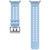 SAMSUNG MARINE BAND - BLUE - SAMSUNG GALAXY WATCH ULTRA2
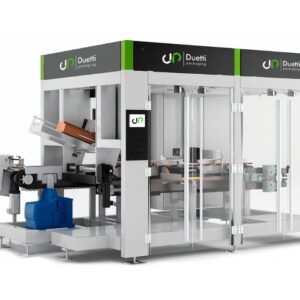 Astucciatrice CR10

--- --- ---

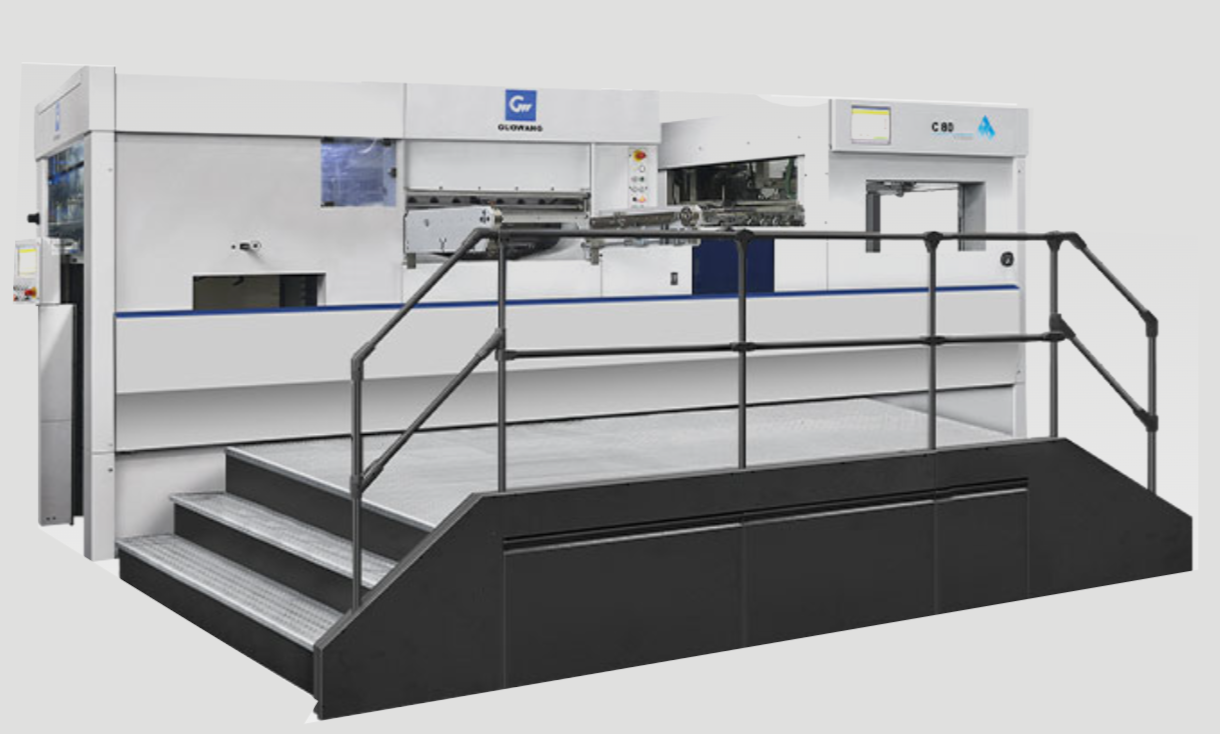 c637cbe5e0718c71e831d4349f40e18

--- --- ---

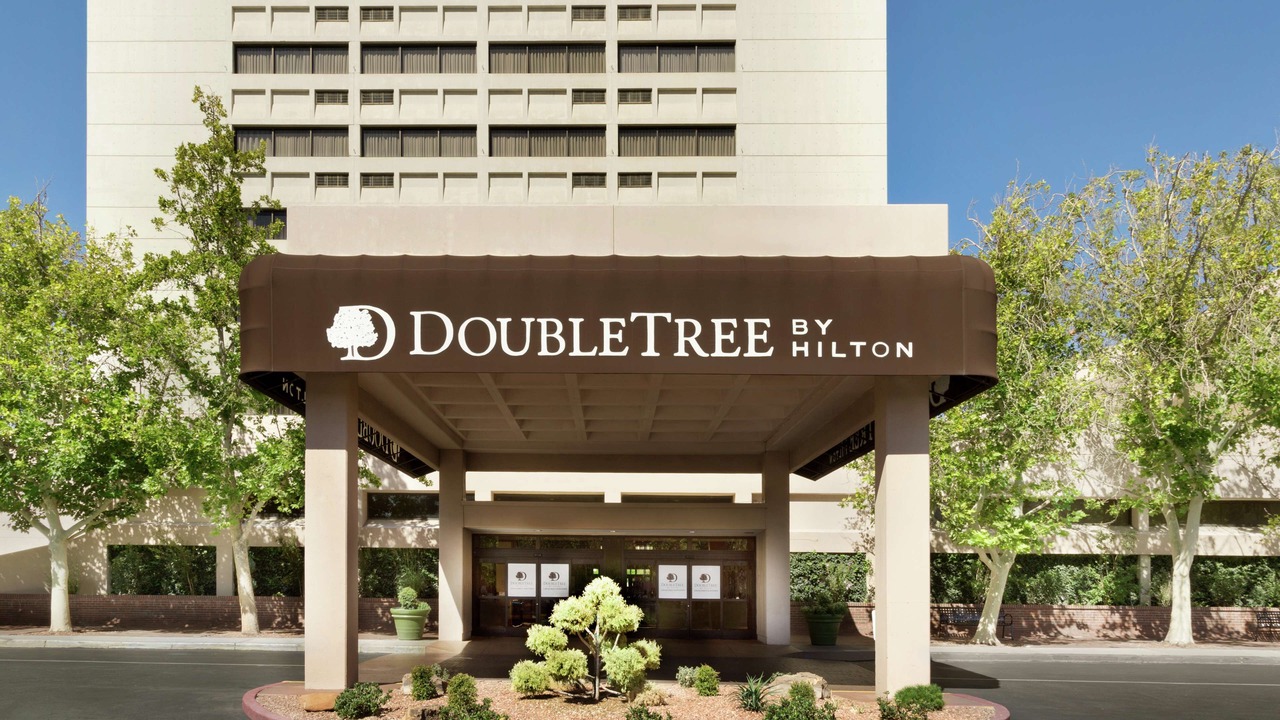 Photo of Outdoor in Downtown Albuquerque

--- --- ---

### [Your goal]
Copy word for word the lines above, starting at the line containing "SAMSUNG MARINE BAND" and ending at the line containing "Astucciatrice CR10", inclusive, with no pictures.

### [Task answer]
 SAMSUNG MARINE BAND - BLUE - SAMSUNG GALAXY WATCH ULTRA2
 Astucciatrice CR10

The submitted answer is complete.